The Long Shadow of the Soviet Union: Demystifying Putin’s Rhetoric Towards Ukraine

LSE IDEAS Strategic Update by Björn Alexander Düben

Feb 9, 2022


With tensions running high in Eastern Europe, analysts the world over are trying to gauge what strategy the Russian government is pursuing towards Ukraine. Having deployed military units from all over Russia amassing close to 120,000 battle-ready troops, around 40% of Russia’s deployable army, near the border, the decision on whether or not to invade Ukraine (again) essentially hinges on one man. In Russia’s authoritarian political system, such decisions are not made by parliament or through public opinion, are based on the decisions and perceptions of Vladimir Putin and his closest confidants. Whatever goes on in Putin’s head we cannot know. However, it is possible to analyse the Kremlin’s own public claims and statements regarding Ukraine, contextualising them with reference to past Russian conduct, and to try deciphering what might be the most likely motivations for Putin’s military brinkmanship on Europe’s eastern edge.


What are the Kremlin’s claims about Ukraine?


In trying to justify its unprecedentedly threatening force posture, the Kremlin’s narrative in recent weeks has essentially revolved around two distinct claims:


Claim 1:


Kyiv is planning a large-scale offensive attack against the separatist territories in eastern Ukraine.

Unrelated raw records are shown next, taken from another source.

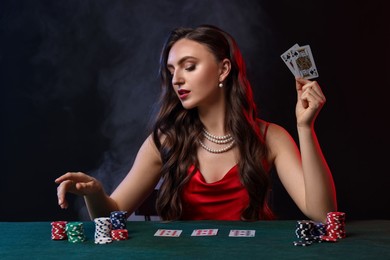 Charming woman playing poker at table on black background with smoke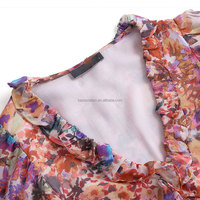 Robe mi-longue haut de gamme décontractée et élégante en mousseline de soie imprimée à col en V avec détails à volants Design à plusieurs niveaux taille haute pour femmes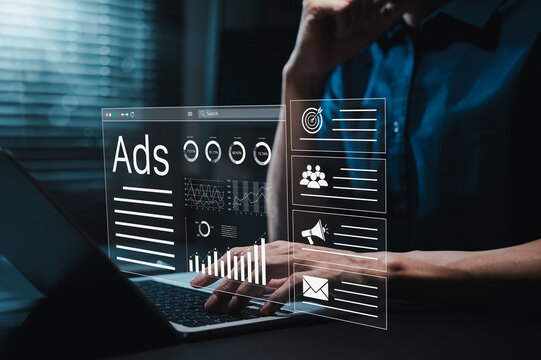 Digital marketing advertising concept. Person using laptop with virtual dashboard icons showing social media ads data, online content platform, campaign performance, target analytics, ad metrics,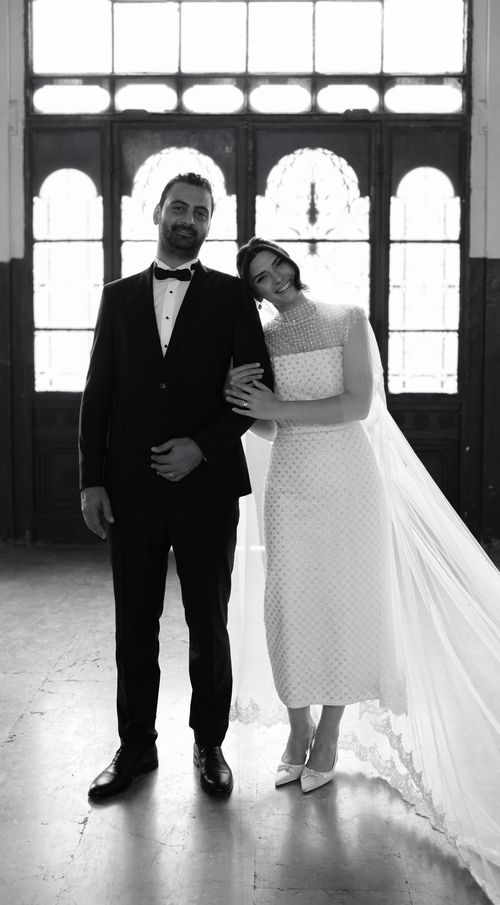 Free Black and white portrait of a bride and groom standing indoors, exuding elegance Stock Photo
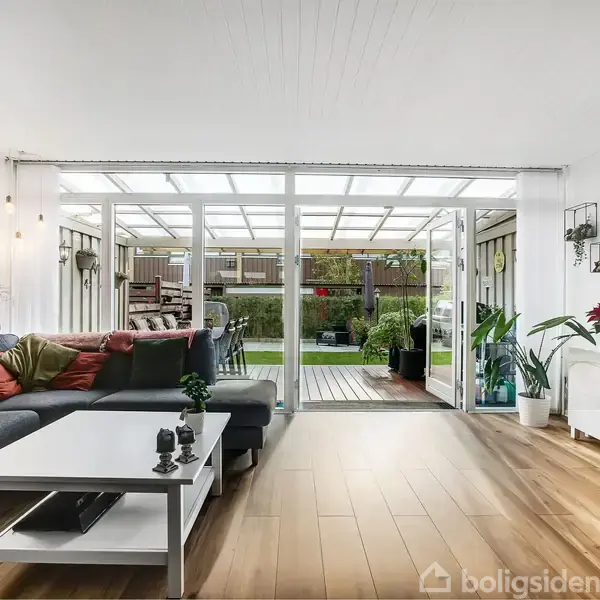 Sofa står i moderne stue, dekoreret med puder, ved siden af hvidt sofabord. Stuen åbner ud mod en terrasse med glasloft, omgivet af planter og græsplæne, med TV på væggen.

For years, the frontlines in the Donbas region have essentially been frozen, but in recent months Russian state media and officials have complained in ever shriller terms of alleged Ukrainian atrocities against the ethnic Russian population located there. Putin himself went as far as to equate Ukraine’s conduct in the region to a ‘genocide’. While both parties have fought each other with similar levels of brutality (as extensively documented by an international observer force in the region), none of it appears remotely close to some of the grim depictions of alleged Ukrainian misdeeds found in Russian government and state media releases. Ironically, such accounts are far more reminiscent of events during Russia’s own reconquest of separatist Chechnya in the early 2000s — a war which, under Putin’s leadership, was fought with utmost brutality. It also bears remembering that in 2014 the Kremlin had invoked alleged mass human rights abuses by Ukrainian authorities to justify its invasion and annexation of Crimea. At the time, international (including United Nations) observers could find no evidence to substantiate these claims; instead documenting countless human rights violations committed by Crimea’s new Russian authorities. Beyond its alleged plans to retake separatist regions in Donbas by force, some Russian state media have suggested that Ukraine might be planning a military incursion into Russia itself — but even a superficial glance at the balance of military forces (not to mention Russia’s massive nuclear deterrent) makes it abundantly clear that Ukraine would never be in a position to launch such an operation by itself. The numbers of troops Moscow is currently amassing, far outnumber those that would be needed to repel a Ukrainian offensive against separatist-held territories in eastern Ukraine. The bulk of Russia’s military contingents are stationed far away from the separatist-held territories, stretching along the entire length of Ukraine’s eastern borders, from occupied Crimea in the south to Belarus in the north, which does not suggest that their purpose is to repel Ukrainian operations against the separatists.


Claim 2:


The second claim, that Ukraine is on a path to joining NATO and would therefore pose an unacceptable threat to Russia’s national security, is much less easy to refute. The Kremlin’s concerns about Ukraine’s involvement with NATO and specifically the US have more substance and appear more genuine. Recent high-level negotiations between Moscow and the West, about deescalating the situation surrounding Ukraine, have overwhelmingly focused on discussing this claim alone, which therefore merits further scrutiny.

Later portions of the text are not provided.